HOUSTON, Texas (KTRK) -- A big group of parents and community leaders showed up Thursday night to voice their concern at a meeting of the HISD board of trustees.
Their message was clear: they didn't want any type of separation for their children.
A series of tense moments came before the board finally voted on whether to consider turning over some failing schools to a private group under Texas Senate Bill 1882, which essentially means the district would partner with an open-enrollment charter school or eligible entity to operate a district campus.
Up to 15 schools are said to be possibly on the list, but at least four would be put "on the market," as some parents called it.
The campuses parents were most concerned about include Kashmere High School, Wheatley High School, Henry Middle School, and Highland Heights Elementary.

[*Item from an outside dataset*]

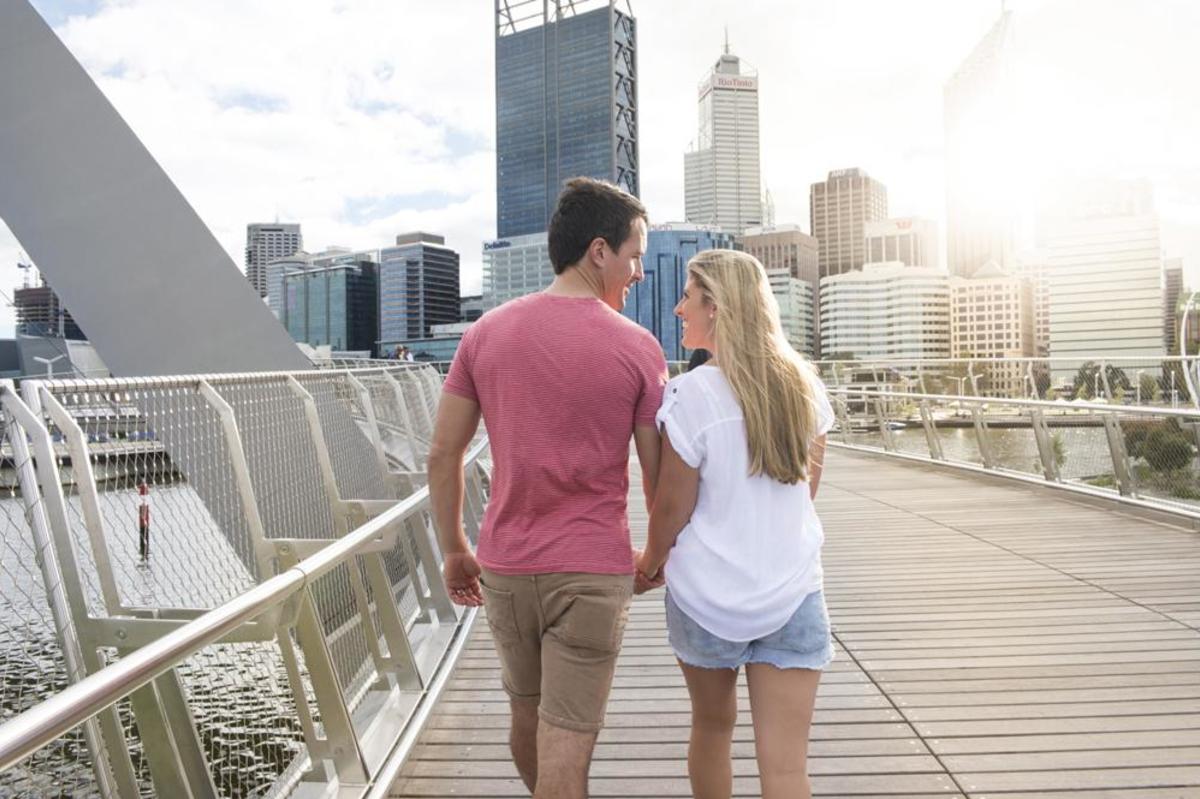 Elizabeth Quay Bridge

The proposal failed in a 5-4 vote, leaving the parents cheering outside the board meeting. Still, they say the fight is not over.
"I am so incredibly grateful because we almost lost four schools tonight," parent Candance Webber said. "And I guarantee you they will try something else."
"We stand together as a community to send a clear message that we want HISD to do what is right by the kids and not bring charter schools and not bring private interest into public education" said Cesar Espinosa, with community organization FIEL.
The group said they will be ready to come back and fight for the kids if the board decides on this type of option again.
The parents said this is separation and segregation of black and brown children.
"We will not stop until every single child in Houston has the exact same opportunity for success," Webber said.
Some school board members said Thursday that voting yes on the measure only meant they wanted to see what options were out there for these failing schools.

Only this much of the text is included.